Sur tout cela, sur la France et l’Europe, et sur le monde si je le peux, je dirai la vérité aux Français.
Je ne ferai pas de promesses, agréables avant les élections, désastreuses après parce qu’on ne les tient jamais, et quelques fois quand on les tient c'est encore pire. Je ne raconterai pas d’histoires.
Je donnerai à chacun une ligne claire, et la même pour tous.
Je ne parlerai pas à la France en la divisant en catégories séparées, d’âge, de condition sociale, ou d’origine, à qui on donne à chacun le discours censé lui faire plaisir, comme on dit dans les Pyrénées « à chaque âne son picotin ». Je ne parlerai pas aux vieux comme à des vieux : je leur parlerai en citoyens, en citoyens d’expérience. Je ne parlerai pas aux jeunes comme à une catégorie particulière, mais comme à des citoyens de plein exercice qui auront demain à assumer pleinement notre nation.
Je n’opposerai pas les Français les uns aux autres. Un pays n’avance solidement que s’il avance solidairement. Je ne diviserai pas, je rassemblerai.
Quand on doit demander des efforts, la justice est une obligation morale, elle est même la condition de l’adhésion. Le principe de justice, que je suivrai, s’énonce simplement : demander plus à celui qui peut le plus et moins à celui qui peut le moins.
Je serai le porte-parole non d’un parti, mais de l’intérêt général et je restaurerai sans faiblesse l’impartialité de l’État.
Je serai celui qui fera l’égalité réelle entre les hommes et les femmes.
Je défendrai la démocratie et le pluralisme. J’obligerai à la séparation des pouvoirs, qui fera une justice de pleine indépendance et une presse de pleine liberté. J’obligerai à une représentation équitable au Parlement de tous les courants d’opinion, même de ceux contre qui je me suis toujours battu.
Je ne céderai rien à l’extrémisme, qui est un danger mortel pour un peuple. Si nous avions la faiblesse de l’écouter, nous pleurerions un jour des larmes de sang.
Je ne concéderai rien aux candidats qui se croient favoris. Je leur dirai en face que la France a besoin de tourner la page sur leur double et successive hégémonie, et sur les erreurs dont ils ont été tour à tour responsables.

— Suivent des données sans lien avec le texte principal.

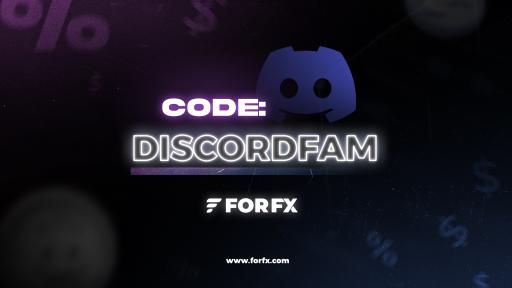 FORFX - Discord Servers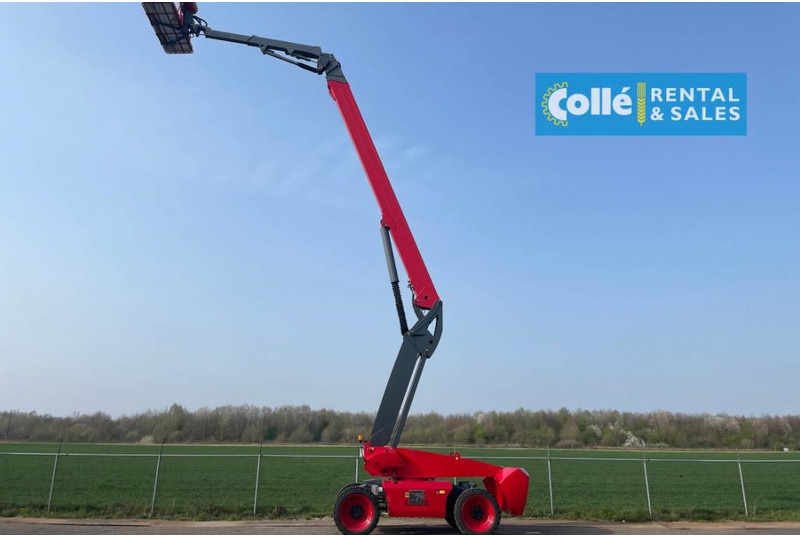 MAGNI DBT30RT | 2022 - Leasing MAGNI DBT30RT | 2022: das Bild 7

Je donnerai une garantie aux Français et à ceux qui, dans le monde, regardent la France. Je promets aux Français la fin des affaires qui salissent notre pays. Je sais bien que dans les temps que nous allons traverser rien ne sera facile. Je n’ai pas de baguette magique. Mais je garantis au peuple français que, dans l’ère nouvelle qui va s’ouvrir, aucun réseau d’influence financier ou partisan, aucun intérêt particulier, aucun mélange des genres n’aura droit de cité au cœur de l’État.

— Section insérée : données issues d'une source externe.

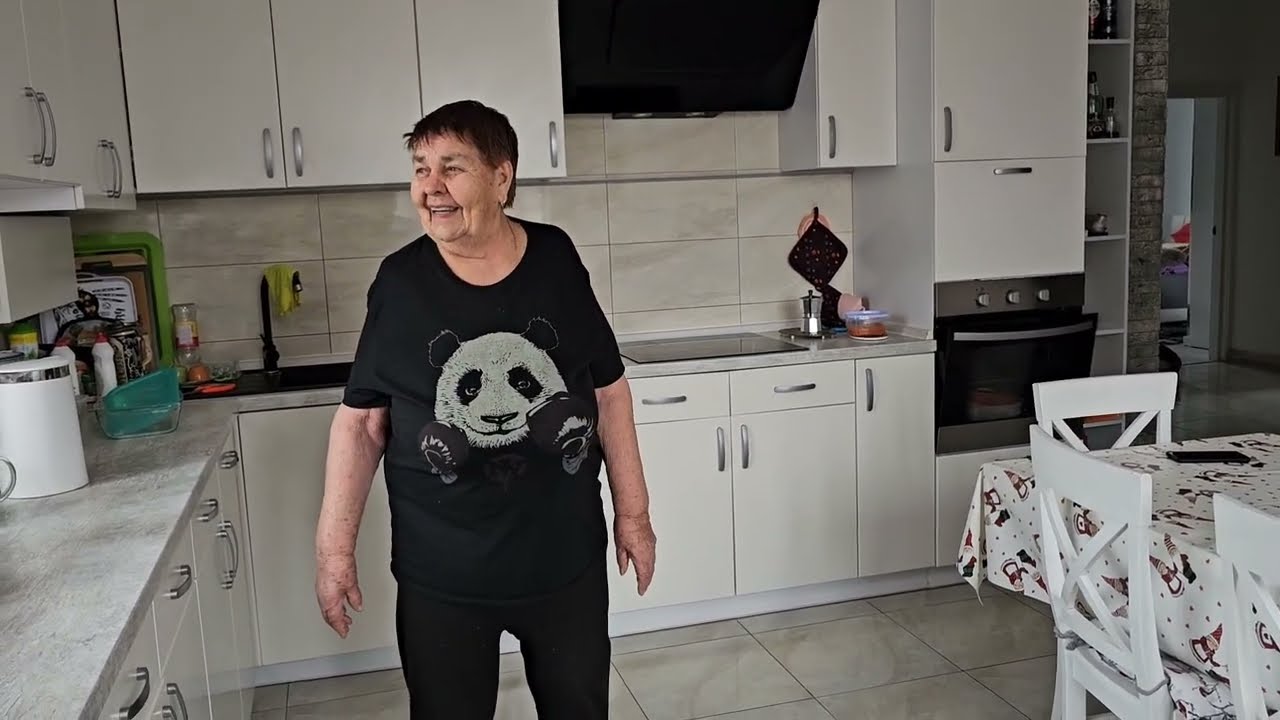 Ужасное Утро! Всех С Праздником! Мама Перепугалась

Je promets de voir et d’entendre ceux que personne ne voit ni n’entend. Ils sont des millions qui ont décroché ou n’ont jamais encore accroché. Ils viennent d’ici ou d’ailleurs. Ils étaient ou sont paysans, c'est-à-dire frères des miens, frères et sœurs de mes parents. Ils étaient ou sont ouvriers, d’ici ou d’ailleurs. Leurs enfants, comme on dit dans les cités « tiennent les murs ». Leurs quartiers ont été souvent oubliés. Ils n’ont pas ou plus d’emplois, ou plus de ressources, plus d’espoir en tout cas. Ils sont souvent seuls et ce sont souvent les plus vulnérables. Personne ne leur parle vraiment. J'essaierai de leur parler, en tant que citoyens, pas en tant qu’assistés ou « catégories sociales », j'essaierai de leur parler pour leur rendre leur place.
Pour gouverner la France en ces temps de tempête, il faut une majorité plus large que les majorités classiques d’un bord contre l’autre. À situation exceptionnelle, réponse exceptionnelle. J’ai évoqué la nécessité d’un « esprit d’union nationale ». Il est impératif, et à mes yeux d’ailleurs inéluctable, que pour redresser la France se forme, ouverte à tous les réformistes, d’où qu’ils viennent, une majorité du courage.
Seul un président de la République nouveau, soutenu par le peuple français, libre de ses décisions et de toute dépendance, peut garantir aux Français que les choses vont vraiment changer.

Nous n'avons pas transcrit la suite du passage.